Gambling is risking something of value (like money or possessions) on an event with a potential to win an even greater amount of value. It can occur in a variety of ways: Casino games, fruit machines, two-up, poker, roulette and slots; betting on sports or other events; horse or greyhound racing; lottery tickets; and even gambling online. Gambling disorder, also known as compulsive gambling, is an uncontrollable urge to gamble despite the negative consequences of the behavior.
Gambling disorders may be mild or severe.

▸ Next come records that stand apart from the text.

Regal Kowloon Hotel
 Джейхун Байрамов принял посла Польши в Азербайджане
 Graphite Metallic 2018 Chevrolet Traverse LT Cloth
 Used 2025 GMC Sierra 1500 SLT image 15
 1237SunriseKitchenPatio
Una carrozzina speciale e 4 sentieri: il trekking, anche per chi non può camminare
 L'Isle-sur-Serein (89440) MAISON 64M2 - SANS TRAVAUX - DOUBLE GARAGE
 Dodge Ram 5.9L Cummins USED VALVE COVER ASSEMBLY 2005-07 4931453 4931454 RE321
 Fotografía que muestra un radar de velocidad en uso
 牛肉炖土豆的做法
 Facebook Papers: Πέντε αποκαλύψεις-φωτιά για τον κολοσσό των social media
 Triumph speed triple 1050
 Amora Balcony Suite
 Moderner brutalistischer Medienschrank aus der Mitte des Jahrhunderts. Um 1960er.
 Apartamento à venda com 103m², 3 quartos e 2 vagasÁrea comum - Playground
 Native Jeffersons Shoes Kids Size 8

The symptoms include: a desire to gamble even when the behavior causes problems; attempts to control or reduce gambling activity despite repeated unsuccessful attempts; restlessness or irritability when trying to stop or control gambling; and recurring thoughts about gambling that persist in spite of efforts to suppress them. People with gambling disorders may also lose important relationships, jobs, or school opportunities due to their behavior.
It is possible to recover from a gambling problem, but it takes commitment and effort. It is also important to seek help. Many organizations offer support, advice and counselling to people affected by gambling disorder. These services are free of charge and available to anyone who is interested.
Some of these organizations also provide family therapy and marriage, career and credit counseling to deal with the problems caused by gambling. These services can be especially helpful for families where one spouse has a gambling addiction and the other does not.
There are several treatment options for gambling disorders, including self-help groups such as Gam-Anon and Alcoholics Anonymous, counseling, and medication. Counseling can help a person understand their gambling problems and identify triggers. It can also help them develop strategies for overcoming their problem and rebuilding their lives. Medications that block the effects of dopamine are particularly effective in reducing cravings. Some antidepressants and other medications used to treat impulse-control disorders, such as trichotillomania, also help to manage gambling addictions.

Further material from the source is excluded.